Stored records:
---------------
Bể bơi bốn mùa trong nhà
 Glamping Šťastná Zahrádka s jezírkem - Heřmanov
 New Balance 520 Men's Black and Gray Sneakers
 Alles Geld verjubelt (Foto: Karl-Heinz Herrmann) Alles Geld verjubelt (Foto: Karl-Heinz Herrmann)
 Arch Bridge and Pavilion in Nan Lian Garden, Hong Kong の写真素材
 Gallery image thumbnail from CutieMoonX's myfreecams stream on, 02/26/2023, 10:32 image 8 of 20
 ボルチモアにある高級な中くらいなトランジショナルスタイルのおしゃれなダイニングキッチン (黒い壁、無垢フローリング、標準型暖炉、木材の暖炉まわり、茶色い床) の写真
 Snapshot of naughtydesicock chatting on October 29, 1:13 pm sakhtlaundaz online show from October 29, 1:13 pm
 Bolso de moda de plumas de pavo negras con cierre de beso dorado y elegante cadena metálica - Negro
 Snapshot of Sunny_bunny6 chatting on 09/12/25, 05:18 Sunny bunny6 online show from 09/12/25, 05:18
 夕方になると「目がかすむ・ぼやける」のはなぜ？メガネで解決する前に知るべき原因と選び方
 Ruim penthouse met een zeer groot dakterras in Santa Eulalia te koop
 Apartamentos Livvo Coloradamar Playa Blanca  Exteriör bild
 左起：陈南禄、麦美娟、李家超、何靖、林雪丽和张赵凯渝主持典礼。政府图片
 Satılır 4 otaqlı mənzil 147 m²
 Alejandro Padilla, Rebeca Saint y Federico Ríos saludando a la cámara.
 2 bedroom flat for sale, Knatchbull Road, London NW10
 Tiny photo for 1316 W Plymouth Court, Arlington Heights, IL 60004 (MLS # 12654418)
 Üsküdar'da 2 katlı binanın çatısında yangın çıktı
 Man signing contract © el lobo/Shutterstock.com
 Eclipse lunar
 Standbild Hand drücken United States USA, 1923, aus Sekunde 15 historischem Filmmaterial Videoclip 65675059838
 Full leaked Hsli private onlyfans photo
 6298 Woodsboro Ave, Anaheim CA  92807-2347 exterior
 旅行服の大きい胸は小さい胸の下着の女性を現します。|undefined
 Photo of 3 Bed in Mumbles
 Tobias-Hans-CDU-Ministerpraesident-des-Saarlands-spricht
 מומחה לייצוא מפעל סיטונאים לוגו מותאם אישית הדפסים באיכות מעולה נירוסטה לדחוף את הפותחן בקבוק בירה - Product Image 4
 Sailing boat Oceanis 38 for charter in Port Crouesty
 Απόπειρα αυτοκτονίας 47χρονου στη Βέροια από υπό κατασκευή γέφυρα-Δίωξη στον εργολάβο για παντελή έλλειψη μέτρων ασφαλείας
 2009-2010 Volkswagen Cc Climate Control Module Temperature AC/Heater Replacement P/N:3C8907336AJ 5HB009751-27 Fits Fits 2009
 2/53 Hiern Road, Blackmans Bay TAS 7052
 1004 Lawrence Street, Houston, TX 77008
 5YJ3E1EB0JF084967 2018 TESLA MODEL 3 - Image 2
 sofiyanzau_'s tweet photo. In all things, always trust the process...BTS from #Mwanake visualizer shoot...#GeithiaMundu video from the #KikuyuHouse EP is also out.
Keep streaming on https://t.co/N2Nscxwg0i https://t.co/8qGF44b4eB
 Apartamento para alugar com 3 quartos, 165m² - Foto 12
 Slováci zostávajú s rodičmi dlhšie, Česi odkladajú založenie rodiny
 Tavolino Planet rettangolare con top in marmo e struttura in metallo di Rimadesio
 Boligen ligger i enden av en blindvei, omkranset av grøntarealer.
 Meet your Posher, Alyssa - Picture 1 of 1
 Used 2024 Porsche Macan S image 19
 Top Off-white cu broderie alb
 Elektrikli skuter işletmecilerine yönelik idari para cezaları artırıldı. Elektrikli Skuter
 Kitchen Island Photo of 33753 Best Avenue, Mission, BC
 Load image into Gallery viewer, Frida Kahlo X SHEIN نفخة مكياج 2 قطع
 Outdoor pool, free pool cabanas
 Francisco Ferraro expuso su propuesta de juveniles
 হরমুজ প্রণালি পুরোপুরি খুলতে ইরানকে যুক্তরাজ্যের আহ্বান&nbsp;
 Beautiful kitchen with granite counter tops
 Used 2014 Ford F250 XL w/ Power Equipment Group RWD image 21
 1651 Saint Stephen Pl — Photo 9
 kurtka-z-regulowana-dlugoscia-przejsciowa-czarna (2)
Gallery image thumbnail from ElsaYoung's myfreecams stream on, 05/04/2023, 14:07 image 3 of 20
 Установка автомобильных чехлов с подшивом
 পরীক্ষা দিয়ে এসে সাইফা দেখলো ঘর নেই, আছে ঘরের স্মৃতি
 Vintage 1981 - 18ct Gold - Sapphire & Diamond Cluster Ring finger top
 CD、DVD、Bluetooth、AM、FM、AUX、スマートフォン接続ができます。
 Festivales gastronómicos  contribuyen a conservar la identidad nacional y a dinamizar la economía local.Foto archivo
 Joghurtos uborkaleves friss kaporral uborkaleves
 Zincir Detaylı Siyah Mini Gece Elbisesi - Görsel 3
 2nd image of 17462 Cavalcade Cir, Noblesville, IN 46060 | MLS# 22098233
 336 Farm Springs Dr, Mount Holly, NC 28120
---------------
■ WHAT YOU HAVE TO DO ■
Provide only the number of lines in the records containing the string "thumbnail".

■ ANSWER AREA ■
2